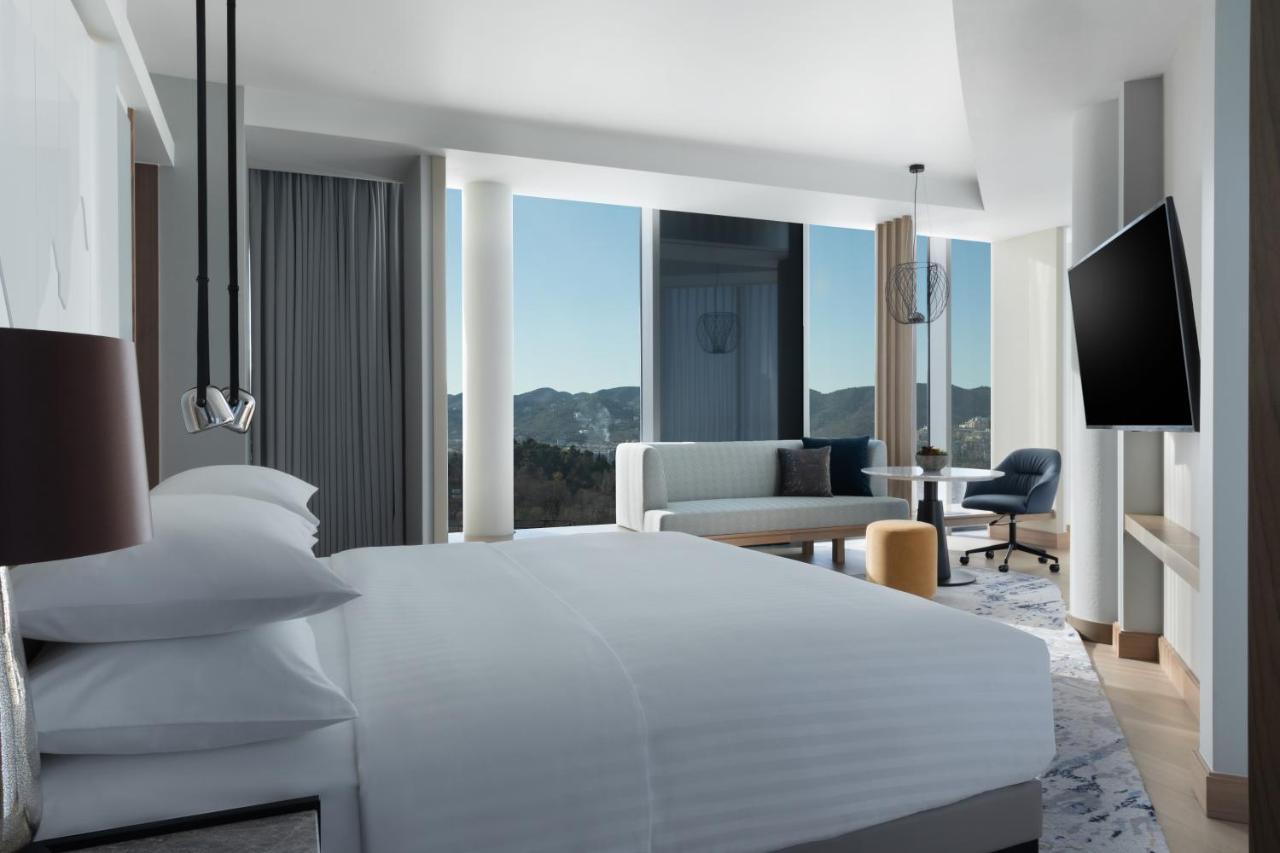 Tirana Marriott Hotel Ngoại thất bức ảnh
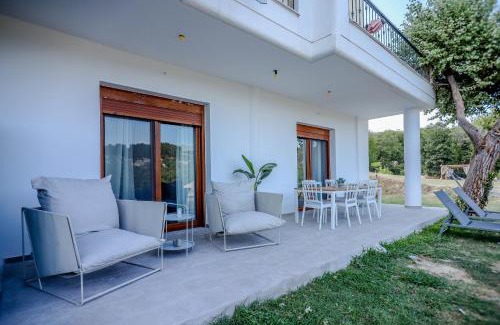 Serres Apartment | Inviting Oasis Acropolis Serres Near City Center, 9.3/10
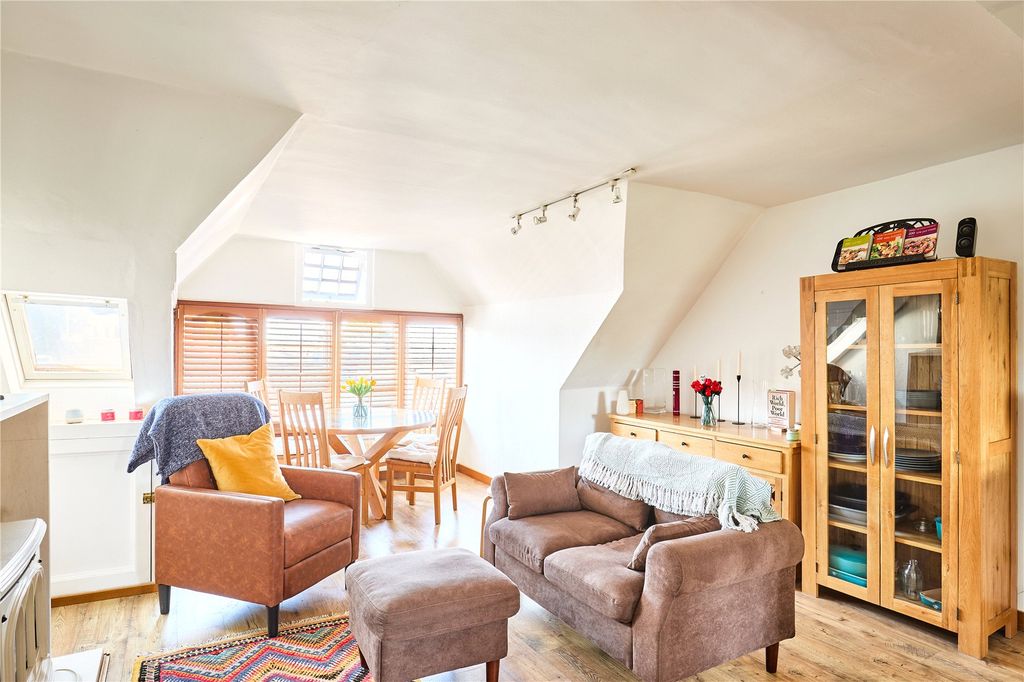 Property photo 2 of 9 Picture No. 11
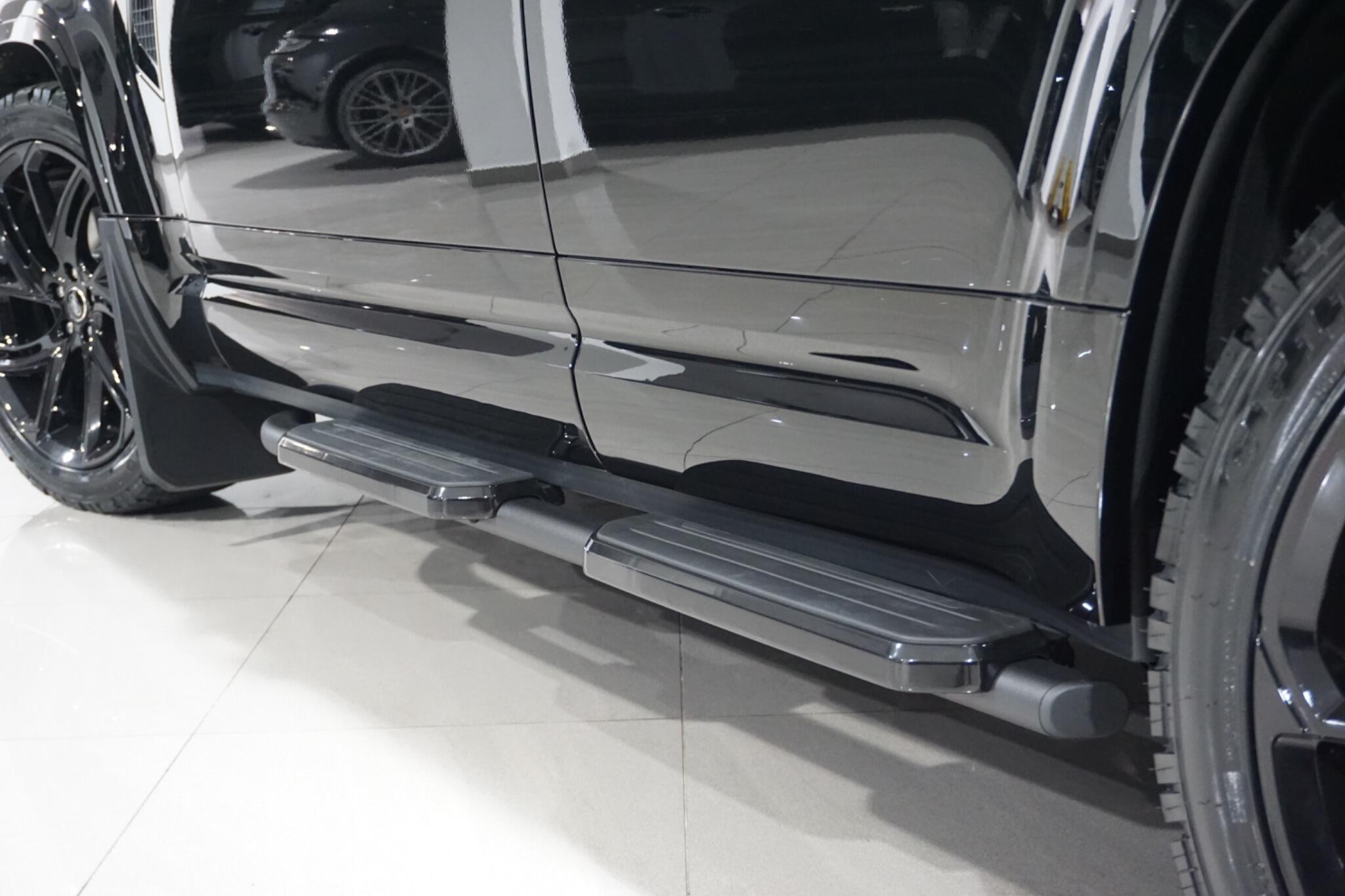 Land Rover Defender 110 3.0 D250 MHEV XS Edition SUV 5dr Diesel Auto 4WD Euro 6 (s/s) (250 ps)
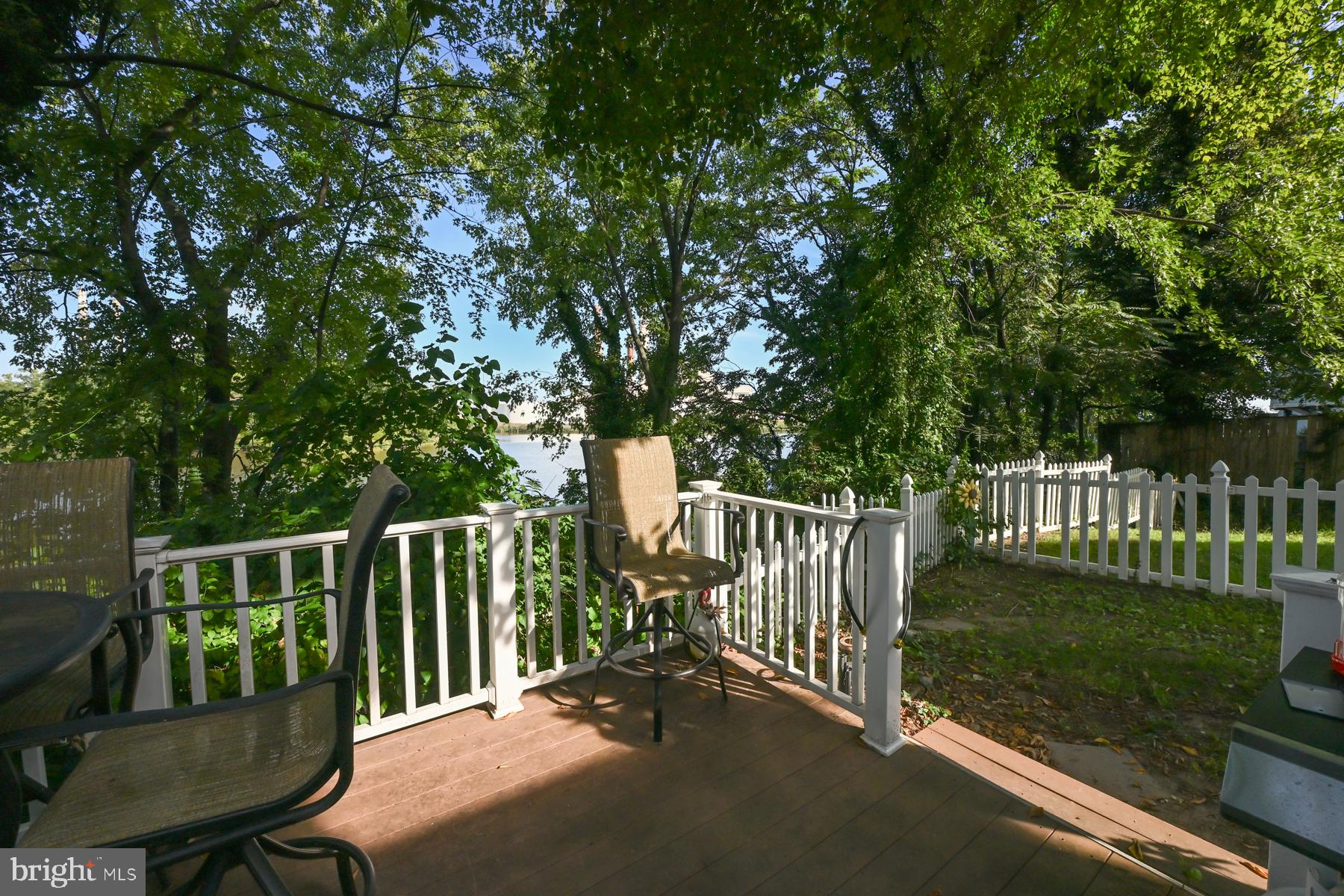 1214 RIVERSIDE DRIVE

» **Exercise objective**: In the records above, transcribe exactly the lines from the one containing "Property photo 2 of 9 Picture No. 11" through the last line, both included, and skip the pictures.

» **Answer space**:
 Property photo 2 of 9 Picture No. 11
 Land Rover Defender 110 3.0 D250 MHEV XS Edition SUV 5dr Diesel Auto 4WD Euro 6 (s/s) (250 ps)
 1214 RIVERSIDE DRIVE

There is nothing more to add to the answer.